I am not on any meds right now. This will not be the case long term but I am capable of tolerating the annoying tremor and it is gone with action, so I am actually typing these words, I just cant stop or the tremor goes like the wind. There are some very cool non-drug developments in the pipeline with what is called Vibrotactile Coordinated Reset (vCR). With my type of PD, I am likely a strong candidate for this therapy – Boston Scientific and the researchers at Stanford need to step up the pace or invite me to be a research subject.

Tests

I will soon post my 2022 labs that I found helpful to fill the gaps of my Parkinson’s diagnosis. And I may be traveling to Boston to subject myself to some research tests. Most importantly, and this holds true for us all, co-morbidities need to be addressed and dealt with naturally. With (or without) a progressive neurological condition, I have big skin in the game to have the rest of my health optimized. My blood sugars, cardiac health, metabolic #’s and fitness all need to be the best possible.

Resources

There are a lot of great resources out there. My favorite of them all has been the Davis Phinney Foundation – who masterfully compile resources that inform us toward the healthiest Parkinson’s outcome. And if you want to geek out on the Science of Parkinson’s…Simon is your man.

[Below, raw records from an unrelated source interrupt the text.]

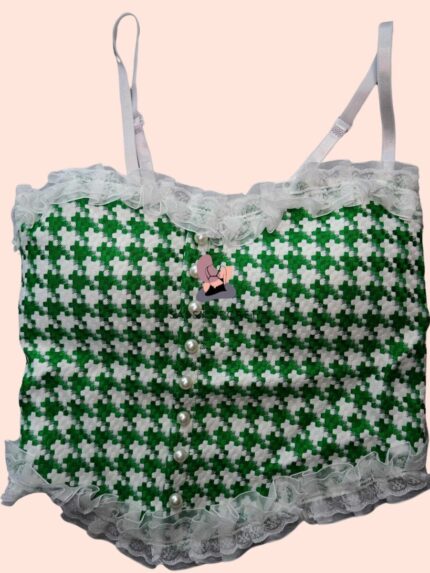 french lace padded tops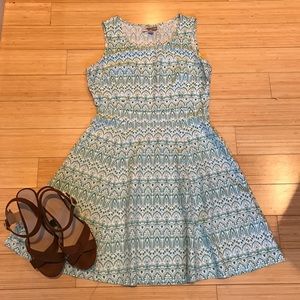 Forever 21 Ornate Print Dress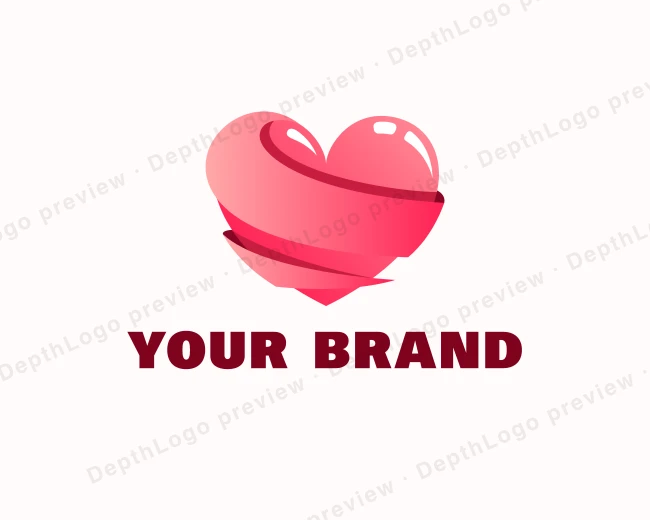 Heart Care Health logo template for Your Brand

If you read up more on Parkinson’s you must understand one key concept, that for every individual with Parkinson’s they represent one unique case and that’s it. This is, in part, why nutrition and drug trials have failed so much – PD is a family of conditions and there is wild variability under the umbrella of this single title of a diagnosis.

If any of you readers are this far along…thank you for your interest. My clinical practice, as of May 2023 is remote via ZOOM/Skype appointments. My personalized schedule allows the necessary movement and activity that I need so I can continue to consult with individuals working to find their healthiest selves.